Writer-director Nikhail Asnani’s Flu requires intent viewing. Not meant for the frivolous kind, the short, all of 15:55-minute in duration deals with addiction and the inherent depravity that it pushes its victims into. A film on the internalised world of one such former addict as she struggles to remain sober and maintain a healthy relationship with her AA sponsor, Flu, as stated before, warrants multiple viewing.
It is in the metaphorical analogy that it pulls off that makes the writing of Flu unique. For a film of its subject, to be able to even remotely be successful at drawing comparisons with the avian world, much less the analysis of the ID of oneself, should be considered quite commendable. The analogy aside; to have a star cast that has the ability to both; play hot and cold with each other and yet make the story a self-sustaining narrative is equally laudable.
Casey (Krystal Torres) is our tormented protagonist. Ably played by Torres, who manages to create the distant, forlorn personality of Casey, a wearable persona, also bears resemblance to someone who is actually empathetic and respectable. Quite unlike its usual depictions, Asnani doesn’t make his characters deplorable, or pitiable. Instead, very deftly presents them as a gaping, walking wound and a study worth undertaking on human psychology.
Casey’s life is falling apart. A former alcoholic, she has already relapsed into her old ways, made evident through the ample scenes that show her reaching out to her only known source of comfort. But, when her former sponsor to AA reaches out to her with a very professional demand, it is the unexpected reality that comes knocking at her door that coerces her to face her demons. The shame of failing in one’s own eyes, the despair from having to start all over again, and the hurt of having disappointed others is a tough act to pull off. And, Torres does a reasonably good job at it. Her distant attitude could easily have been mistaken for indifference, had it not been for the scenes that focus on her in solitude. In her forlorn glance, and helpless gait, she manages to convince her audience of her predicament—that she too is a victim of her circumstances.
In the self-destructive world of Casey, Ava (Cake Moss) becomes the larger-than-life personality. The meeting between the two, right from Ava’s entry marks a difference in the narrative of the plot. Ava is no ordinary person. In her warmth and compassion, we understand Casey’s humiliation even more. Rachel Bickert, whose cinematography brings Casey’s world into life, alters between long shots and extreme close-ups offering both; Casey’s viewpoint of the world—from both within and outside. And, Sydney Baker’s editing keeps the film evenly paced, even as we sense the growing tragedy of the character and the escalating desperation. Tristan Chilvers, whose collaboration with Asnani has only rendered to fruitful outcomes, makes Flu dramatic. But, the cast maintains a restrained performance for their characters. And, the irony plays well off of each other.

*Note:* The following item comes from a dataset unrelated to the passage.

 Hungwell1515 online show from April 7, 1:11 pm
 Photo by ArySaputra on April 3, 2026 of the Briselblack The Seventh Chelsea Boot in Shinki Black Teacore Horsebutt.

The metaphorical analogy may not seem everyone’s cup of tea, but for those willing to spare a few minutes, Asnani’s Flu offers two things; a chance to understand an alcoholic’s fickle journey and the bluntness with which Asnani chooses to present these topics. A case story of a woman’s understanding of love and safety that came in the form of her AA sponsor and her inability to appreciate it in full and the subsequent path to redemption—Flu is all of this and more.